Cold Steal
- First edition (US)
- Author: Phoebe Atwood Taylor (writing as Alice Tilton)
- Language: English
- Series: Leonidas Witherall mysteries
- Genre: Mystery, whodunnit
- Publisher: Norton (US, 1939) Collins (UK, 1940)
- Publication date: 1939
- Publication place: United States
- Media type: Print (hardback & paperback)
- OCLC: 31943269
- Preceded by: The Cut Direct
- Followed by: The Left Leg

= Cold Steal =

1939 novel by Phoebe Atwood Taylor

Cold Steal is a novel that was published in 1939 by Phoebe Atwood Taylor writing as Alice Tilton. It is the third of the eight Leonidas Witherall mysteries.

==Plot summary==

It's a winter day in Dalton (a New England town near Boston) and Leonidas Witherall, "the man who looks like Shakespeare", is returning to his new house, which he's never seen. He's inherited money from an uncle and toured the world, and left plans for his home to be built while on his travels, but now he must return home and produce the next volume of the adventures of Lieutenant Haseltine. On the train to Dalton, he meets a mousy woman named Miss Chard (known to all as Swiss Chard) and a beautiful young woman with a brown paper package and a secret. His new home proves a delight, and it includes a kitchen filled with red appliances, a library with ladders, and a garage complete with the pickaxed corpse of Medora, the crabby next-door neighbor. Leonidas assembles a gang of assistants, including dotty housewife Cassie Price and former car thief Cuff (who has reformed and joined the police force). Together, they defend Witherall's new red refrigerator against thieves, track down the missing envelope of money and bring the murderer to justice.

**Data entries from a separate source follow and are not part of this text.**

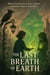 The Last Breath of Earth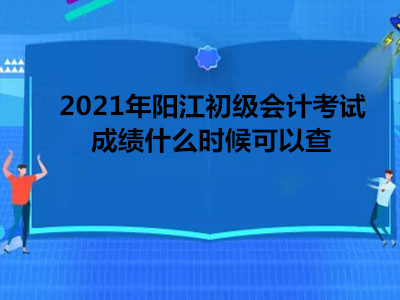 2021年阳江初级会计考试成绩什么时候可以查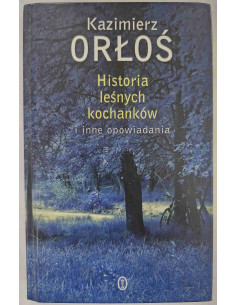 Orłoś - Historia leśnych kochanków i inne opowiadania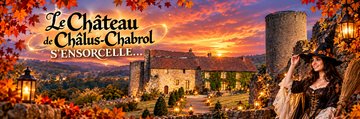 Le Château de Châlus-Chabrol s'ensorcelle pour Halloween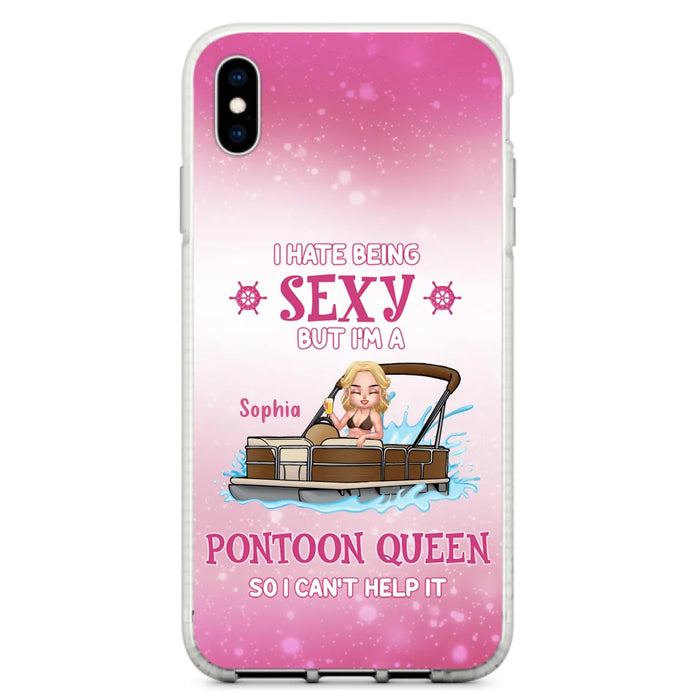 Custom Personalized Pontoon Queen Phone Case - Gift Idea For Pontoon Lover - I Hate Being Sexy But I'm A Pontoon Queen So I Can't Help It - Case For iPhone And Samsung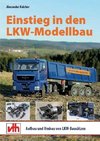 Einstieg in den LKW-Modellbau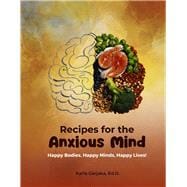 Recipes for the Anxious Minds Mindful Eating for Optimal Brain Health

==Literary significance and criticism==
(See Phoebe Atwood Taylor.) This is the third Leonidas Witherall mystery novel and it parallels the humorous tone which was maintained in the other seven.

The adventures of Leonidas Witherall were a short-lived radio series at about the time of this novel. In the novels, Witherall is also the author of a radio series and novels about the adventures of stalwart Lieutenant Hazeltine. Some supporting characters, such as Mrs. Price and Sergeant Cuff from this novel, are found in others as well.